The trial, run jointly with the National Institute of Allergy and Infectious Diseases, would test the cocktail's ability to prevent infection in 2,000 people who have been exposed to the virus by close contact, such as by housemates.

The company said that a separate Phase II/III trial is testing the antibody cocktail therapy as a treatment in 2,900 coronavirus patients who are in hospitals and ambulatory settings. That trial is being run in the U.S. and in other countries like Brazil and Mexico.

"We are running simultaneous adaptive trials in order to move as quickly as possible to provide a potential solution to prevent and treat covid-19 infections," George  Yancopoulos, co-founder, president and chief scientific officer, said in a statement. 

Last week, Regeneron and Sanofi  (SNY) - Get Report said a group of covid-19 patients requiring mechanical ventilation failed to show measurable improvement when treated in a Phase III trial with the rheumatoid arthritis treatment Kevzara.

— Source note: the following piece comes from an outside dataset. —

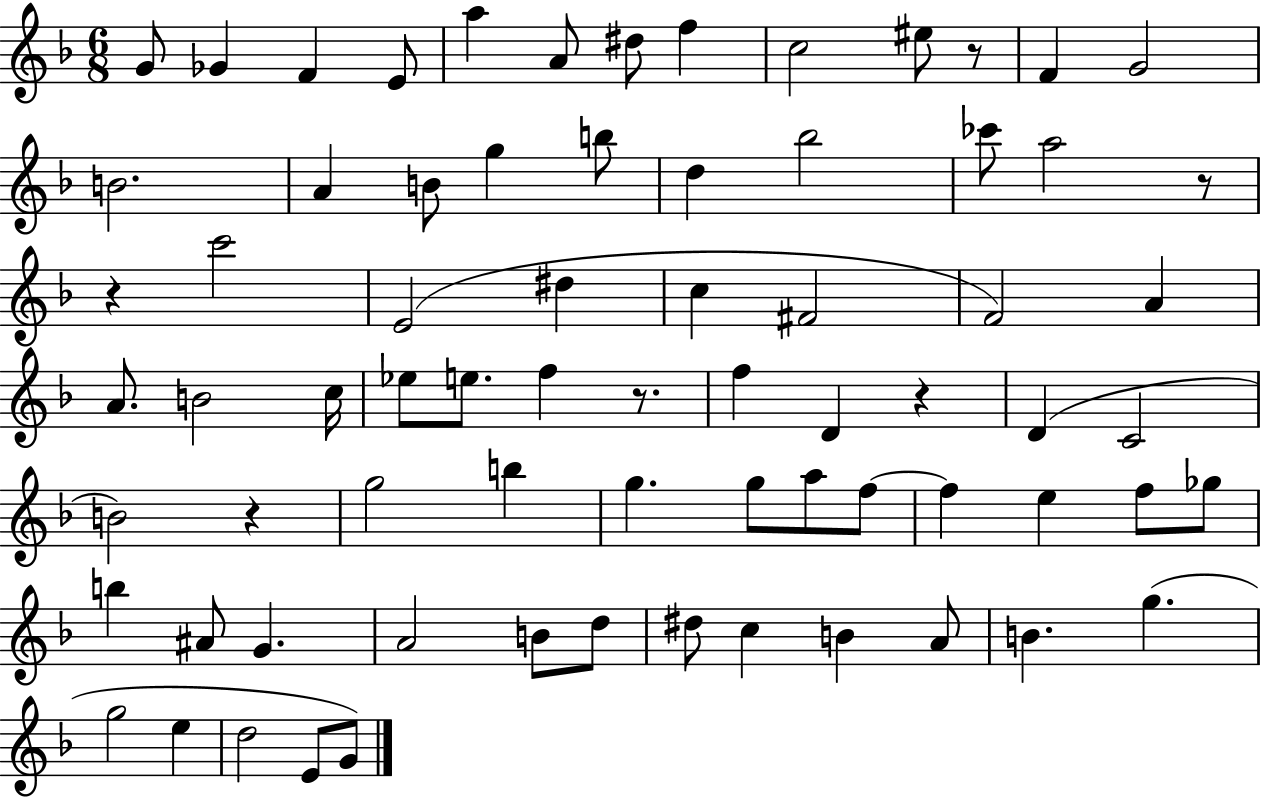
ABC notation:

Last month, Regeneron said it began human testing of its experimental antibody cocktail to treat the coronavirus.

The company said that the program will consist of four study groups: hospitalized covid-19 patients; non-hospitalized symptomatic covid-19 patients; uninfected people in groups that are at high-risk of exposure, such as healthcare workers or first responders; and uninfected people with close exposure to covid-19 patients.

Anthony Fauci, the immunologist who directs the NIAID and is a member of the White House Coronavirus Task Force, said in an interview last month with TheStreet.com that he "was cautiously optimistic that the development of monoclonal antibodies by Regeneron, by [Eli] Lilly,  (LLY) - Get Report by a variety of other companies, would actually get us closer to a good and effective therapy."